Superfast plasma-ald with 3D-printed ceramic rocket nozzles

Current research

© Fraunhofer IKTS
300 mm plasma ALD process chamber.
© Fraunhofer IKTS
Ultrafast electropneumatic ALD valve for precursor pules below 10 ms.

Atomic Layer Deposition (ALD) for self-aligned multiple patterning has been the key process to the continued scaling of nanotechnology and microchips. The process requires plasma ALD at low temperatures and a conformal deposition of spacers on photoresist features for the subsequent pitch splitting processes. However, ALD is limited by low throughput, which can be improved by increasing the growth per cycle (GPC), using new precursor, spatial ALD, shrinking the ALD cycle length or omitting purge steps. Today’s highly productive platforms can realize very fast wafer transport in and out of the ALD chambers. Currently, 300 mm wafer ALD chambers for high volume manufacturing are used.

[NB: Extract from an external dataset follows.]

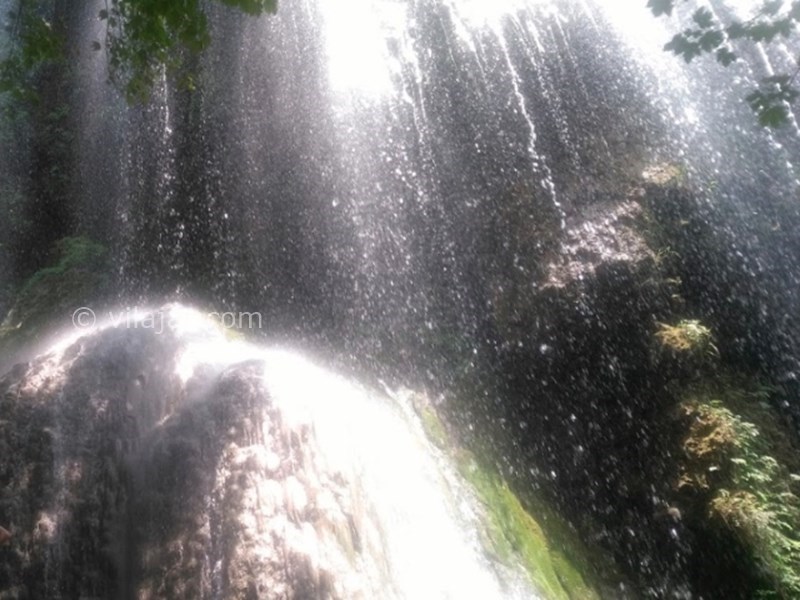 عکس اصلی شماره 9 - آبشار و چشمه پیرغار فارسیان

Fraunhofer IKTS, in collaboration with Plasway Technologies GmbH, has developed a new type of fast plasma ALD process. It uses a top-down showerhead gas flow to ignite a 60 MHz CCP plasma in a 300 mm chamber. The chamber gas system has been modified to realize precursor pulses of ≤ 10 ms with supersonic precursor gas injection. The supersonic gas speed is made possible by a 3D-printed ceramic rocket nozzle, named “Art de Laval”, manufactured and patented by Plasway Technologies, which enables high-speed (> 300 m/s), all-round precursor injection across the wafer. Initial process qualification was made with the well-understood aluminum oxide plasma ALD process using the trimethylaluminum precursor. With the de Laval ring injector, the saturation started at a TMA pulse length of 10 ms, which is the tested switching limit of the electropneumatic ALD valve. The process linearity and the saturation curve demonstrated the ALD nature of the process. For 50 ms of TMA pulse, a wide ALD temperature window (30–120 °C) with constant 1.3 Å GPC was extracted. Even with very short pulses, we achieved a very good uniformity of the applied layers – from wafer center to the edge.

Additional ALD processes, as well as atomic layer etching (ALE), will be the focus of future development efforts by Fraunhofer IKTS and Plasway Technologies GmbH.